Think of the universe. All that is. Wreath does not hate it.
And yet Danah hates Landfall and his parents hate extravagance and Gunhee hates the necessity of his legacy. Ni ecx ne malamas – it’s a nice sentiment but perhaps Wreath was too bold when it decided to live by it after the war.
When Soohyun is five, they head out into what is left of the green and look at the heavens. Together, her and Taehyun look like all the night sky – his hair and wings the colour of space, the golden flecks in her hair and wings like the stars. Minho tells them as much, watching them walk ahead through the trees.
“If we’re the sky, then you’re the ground,” Taehyun laughs. Minho appreciates the sentiment – the ground is strong and immutable and it gives and it gives and it gives. The ground is patient, the ground is kind, the ground is planets swirling through a storm of stars and space carrying life upon its back.
Taehyun doesn’t mean any of that, but Minho will take the compliment he sees.
In Cleric the stars are smothered by the city lights, and Minho stopped looking up a long time ago. He had forgotten about Wreath, hanging in the sky above his second home shining wild and gold. The colour of Soohyun’s wings.
“That is my home,” he says to Soohyun, pointing at the little moon where half her family still live.
“Tio estas via hejmo!” she corrects him.
“I understood that,” Taehyun grins.
When Taehyun flies, his wings beat the air hard enough to make thunder. It sounds powerful, it sounds like effort. When Soohyun takes off Minho has to strain his ears to hear her kick off the ground – her wings are soft and silent and flight comes as easily to her as walking. The king makes a point of bringing up his granddaughters peculiarity whenever Taehyun is in earshot, but Minho can’t see why anyone would be ashamed of such a beautiful girl.
They watch her flitting between the trees, Taehyun drops his wings far enough for Minho to walk at his side.
“We should take her to Wreath sometime, she can meet her grandparents.” Taehyun’s voice is so light, like he never once stared at Minho in fear.
“The family is big, not just grandparents. Soohyun has aunt, second cousin…many second cousin actually. All Wreath loves her.”
“And they hate me.”
Minho slips a hand into Taehyun’s and pulls him close, “They do not hate you. Wreath does not hate.”
And both of them know that’s not quite true, but it’s a better precedent to set than a hundred years of a war nobody wanted.
Up ahead, Soohyun alights on the path in a cascade of falling stars. Her wings, as tall as she is, flutter on doggedly even once her feet are on the ground – the little girl who learned enthusiasm and perseverance first – Minho thinks that Danah may like her after all. She comes running towards them, giggling like flight is the best joke she’s ever heard, and half jumps half flies into their arms.

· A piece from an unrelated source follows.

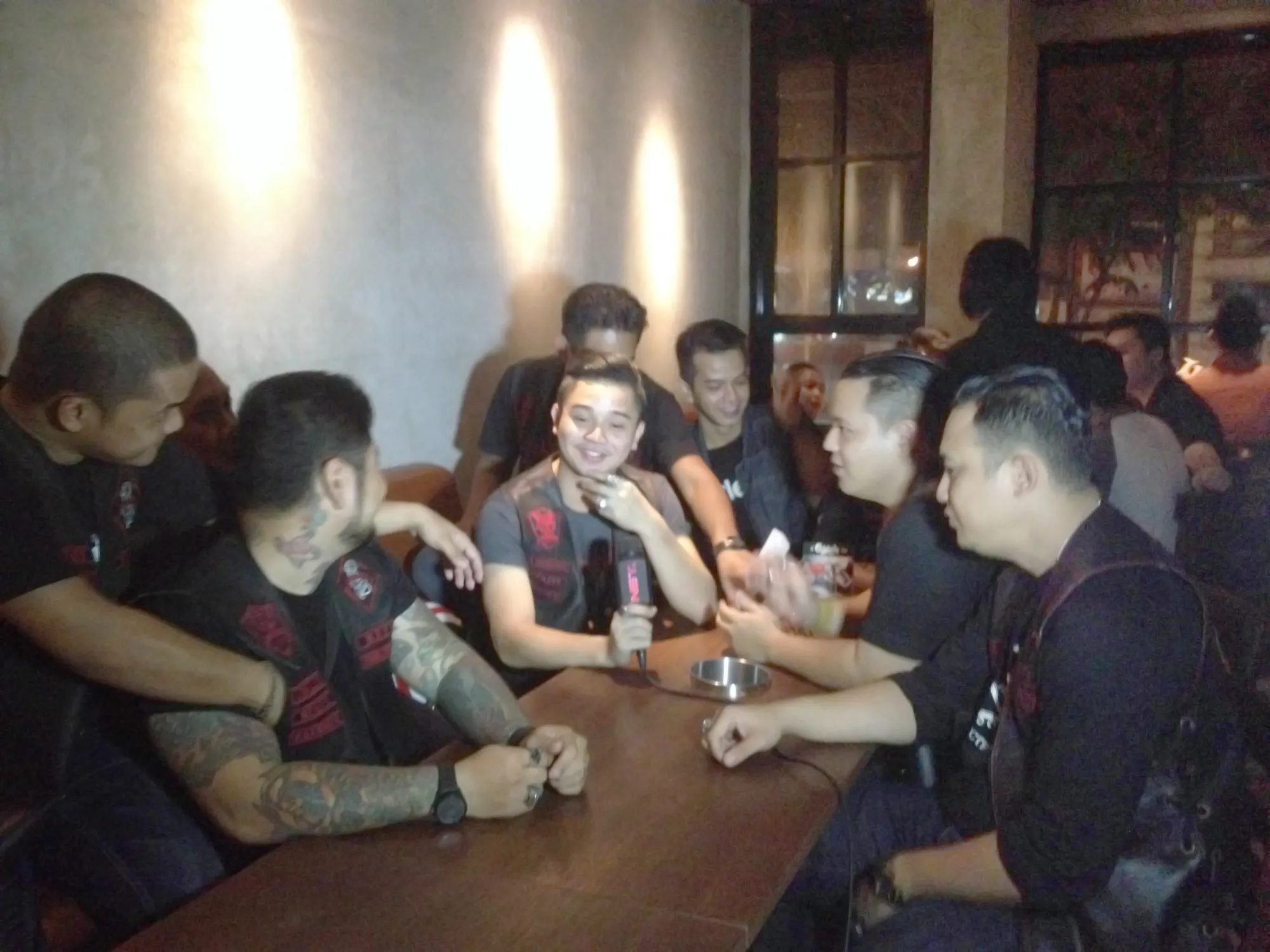 Derby Romero bersama anggota club motornya © KapanLagi.com/Fikri Alfi Rosyadi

Soohyun twists one hand in Taehyun’s shirt and wraps the other around Minho’s horn – they have no choice but to carry her together. On into the night, into the green, on the brink of a brave new world in which all of Landfall can be seen between the three of them.
Minho likes to think of the three of them. Be it back in Cleric or up on Wreath, he has decided that they belong together.
He loves his daughter very much, and his husband just enough. This is love, Minho has decided, not fire and flames love, not melt you heart and set your soul free love, not water falling on the desert love. This is a love born of necessity, slow to start and slower to progress. The kind of love that forms when you know you must spend the rest of your life with someone, and you have all the years to savour it.
It’s not strong enough to be worth saying out loud, but it’s strong enough for Minho to squeeze Taehyun’s hand and grin at him over the head of their child. The final thing Minho learns about Landfall is that he can have happiness here, that he can have a future.